Oregon state geologists released brand new interactive maps showing where landslides are more likely to happen in the Columbia River Gorge.
And they say the areas burned by the Eagle Creek Fire are even more at risk.
Hours after the Eagle Creek fire erupted, Carson Schnackenberg had to pack up his most important belongings and evacuate his Corbett home.
Now back home, he is no longer worried about the fire. But he does have a heightened awareness about the possibility of landslides in the area.
That's because according to new interactive maps just released by the Oregon Department of Geology and Mineral Industries, Carson's home sits right in the middle of an ancient landslide.
And while Carson is not worried about his home, he has seen the slope below it slide a bit.
"I feel like there's areas below here that definitely could give if we got a lot more rain all of sudden," he said.

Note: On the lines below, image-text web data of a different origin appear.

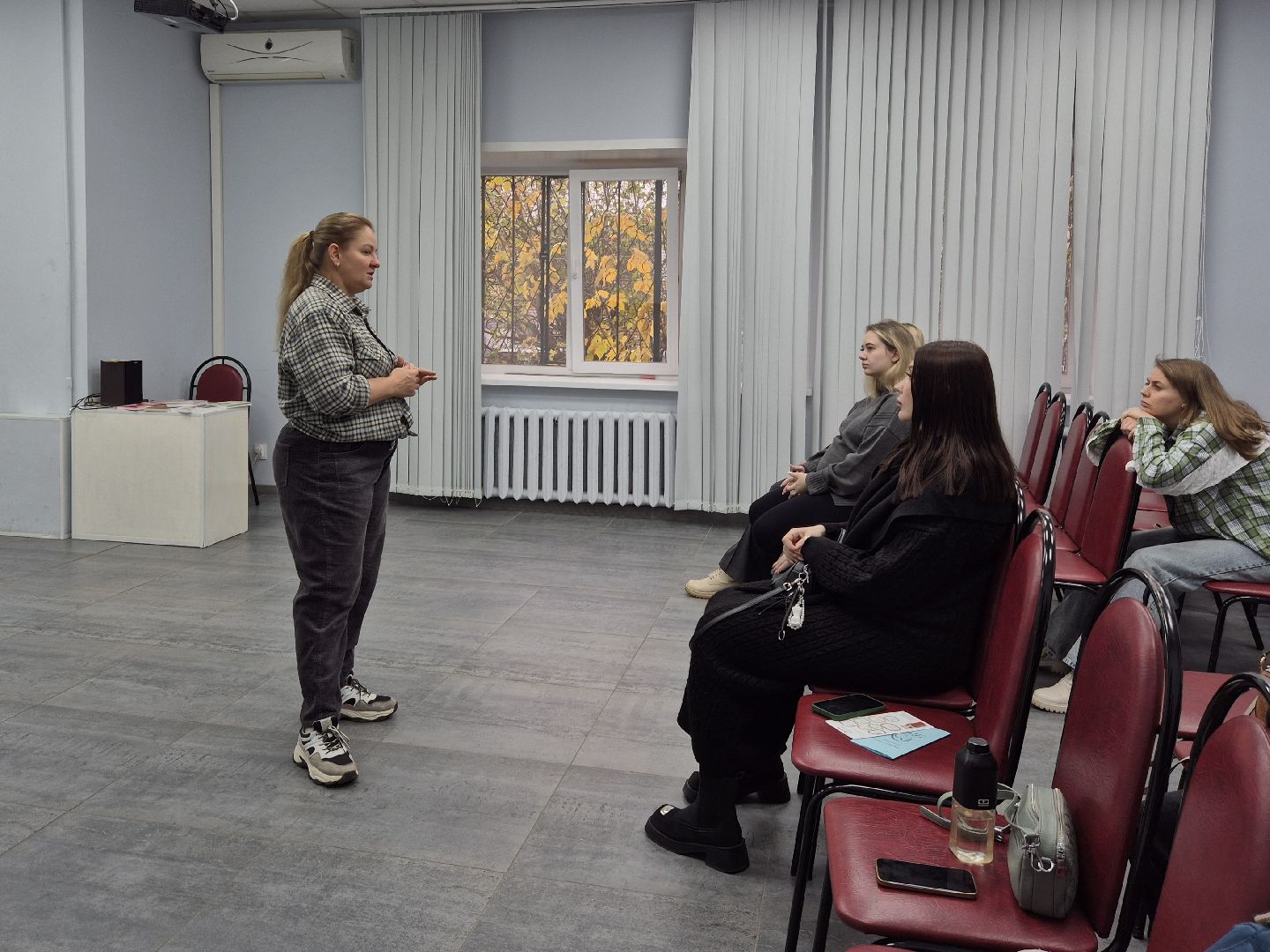 орехово-зуево, консультация для будущих мам,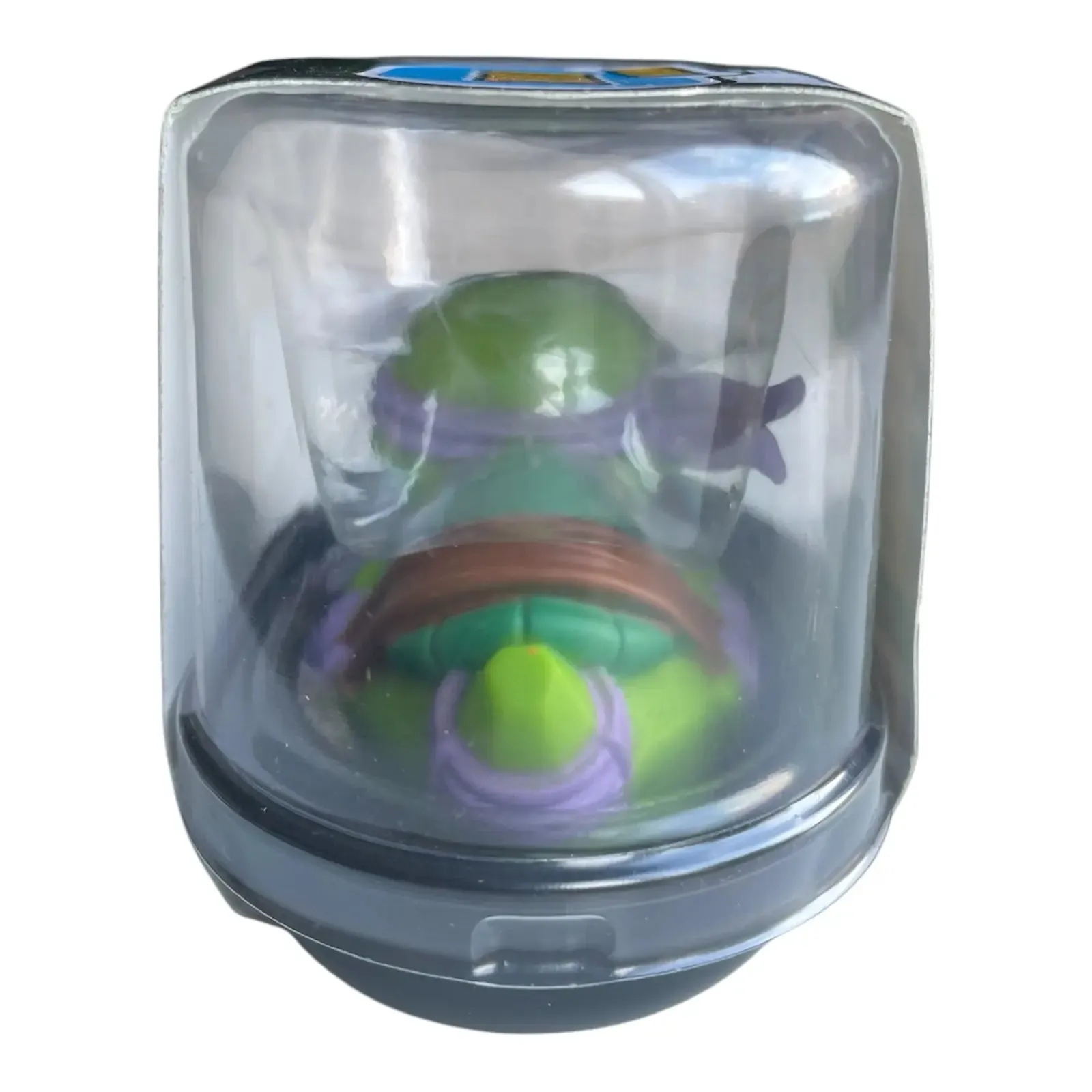 Teenage Mutant Ninja Turtles: Donatello TUBBZ (Mini Edition) Cosplaying Duck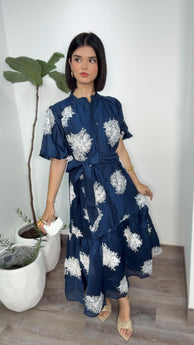 Alessia Dress (Gracia)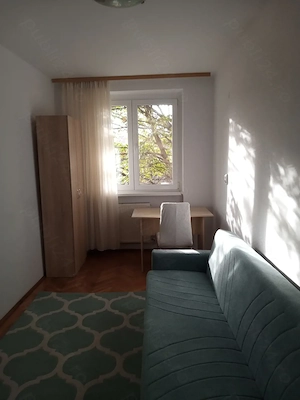 Inchiriez ap. 3 camere ultracentral  - imagine 9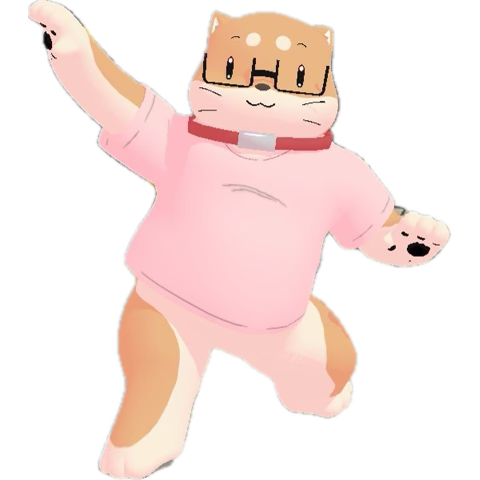 「おはようございますー!! 今日からまた仕事がんばんぞー!」|さぷり（山口さぷり）💊SapuriYamaguchi🐕のイラスト
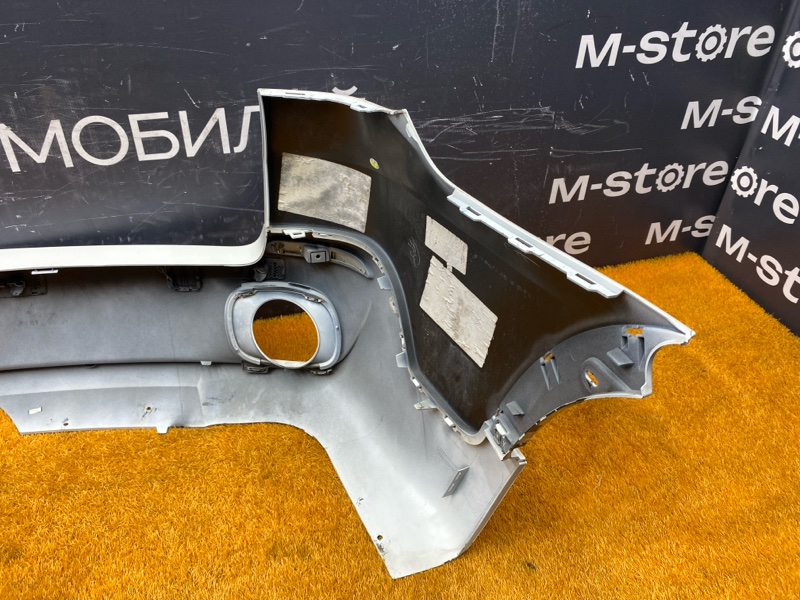 бампер, 21000 рублей, Красноярск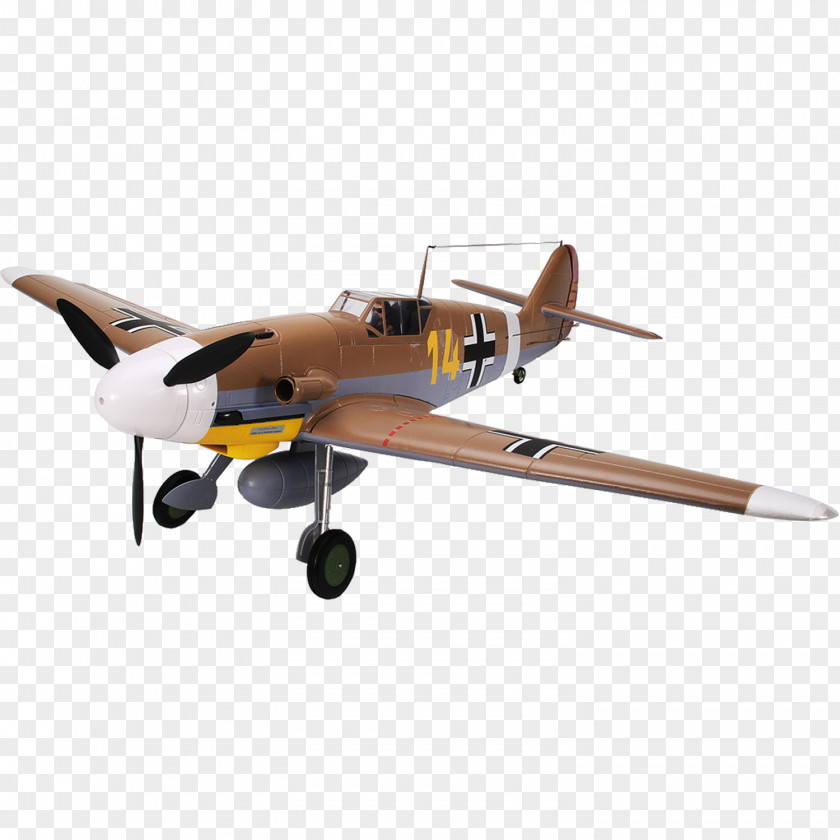 Airplane Messerschmitt Bf 109 Focke-Wulf Fw 190 Curtiss P-40 Warhawk PNG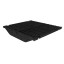 Tray DN 500 with grate class E (set) 0531 - drainage systems Gidrolica - Kyiv and Ukraine.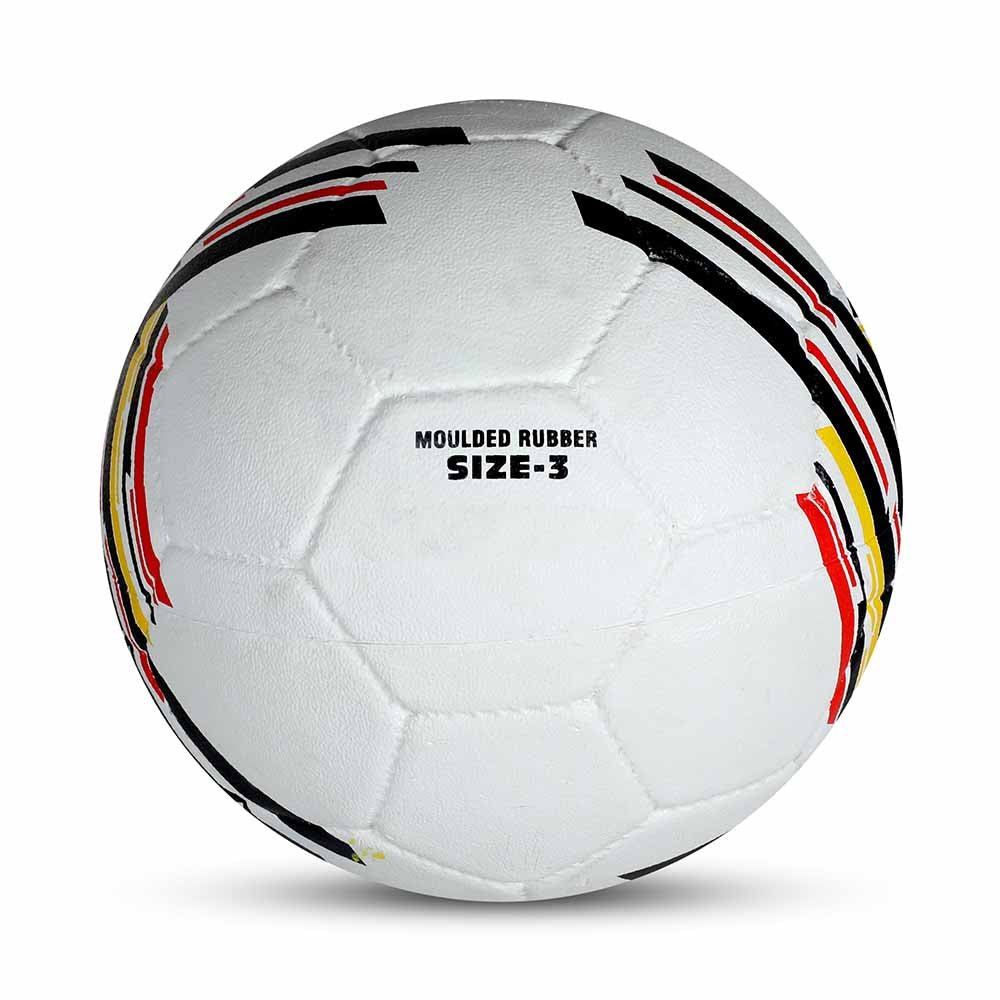 Nivia Country Color - Size 3 Football Nivia Country Color - Size 3 Football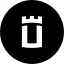 圣西里尔与麦多德大学 logo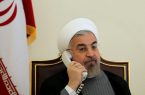 روحانی: درمورد ویروس کرونا به سمت کنترل کامل شرایط پیش می رویم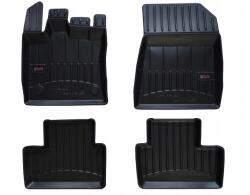 FroGum Covorase auto RENAULT Captur II 2020-prezent Frogum 3D (3D409897)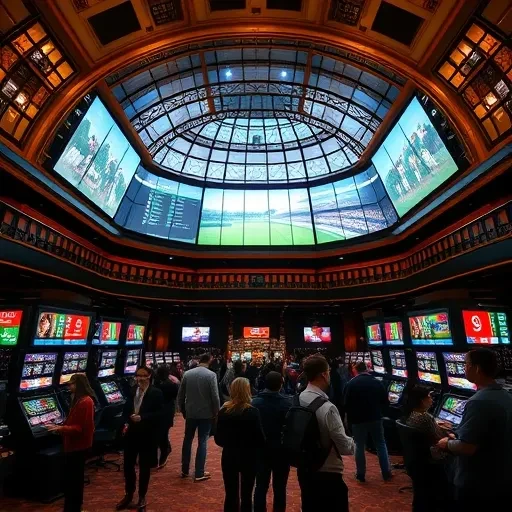 Cassino Inovador: O Que 26t.com Oferece aos Jogadores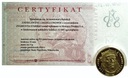 Andegaweni i Jagiellonowie Zygmunt Stary SREBRO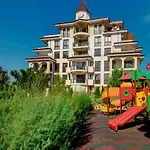 Poseidon Vip Club Balneo & 4*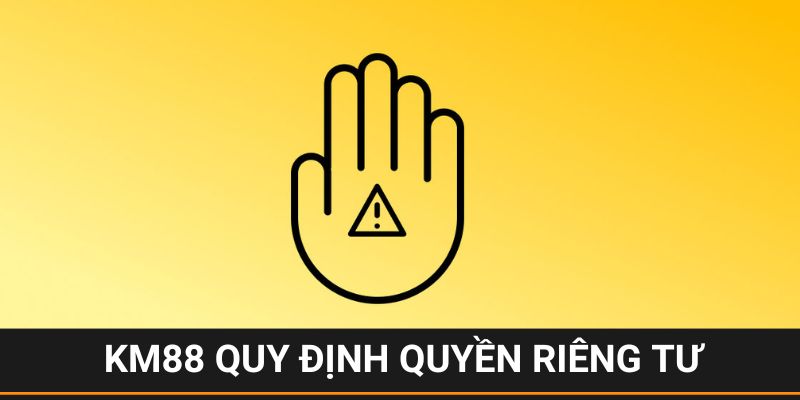 Trách nhiệm bảo mật của nhà cái đối với quyền riêng tư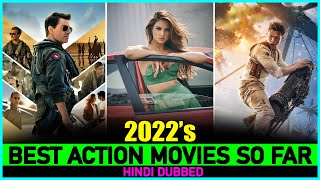 Top 10 Best ACTION MOVIES Of 2022 So Far  New Released Action Films In 2022 [upl. by Tristan109]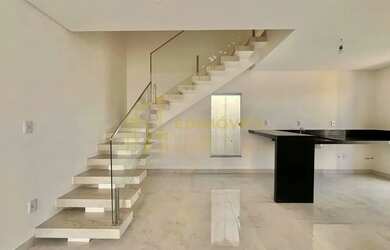 Imagem 5: Incrível Casa em Morada de Laranjeiras Alto Padrão e 2 Vagas Cobertas!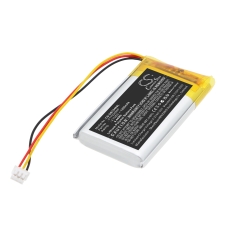 Remplacement de batterie compatible pour Orion FT703450P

Geologists say slopes that have slid in the past are much more likely to slide again.
And they point out the risk for sliding increases even more in those hazard areas that are also now burned by the fire.
"We know the susceptibility has gone up, so yes, we are expecting to see some landslides," said Oregon state geologist Bill Burns. "How big and how often they will occur in this area, we don't know."
Burns helped build the interactive maps. He says their purpose is not to scare people, but to make them more aware.
"If they are out hiking and they look at their phone and zoom in to the map, they can know if they are in one of these hazard areas," he said. "And if they are, maybe be extra cautious."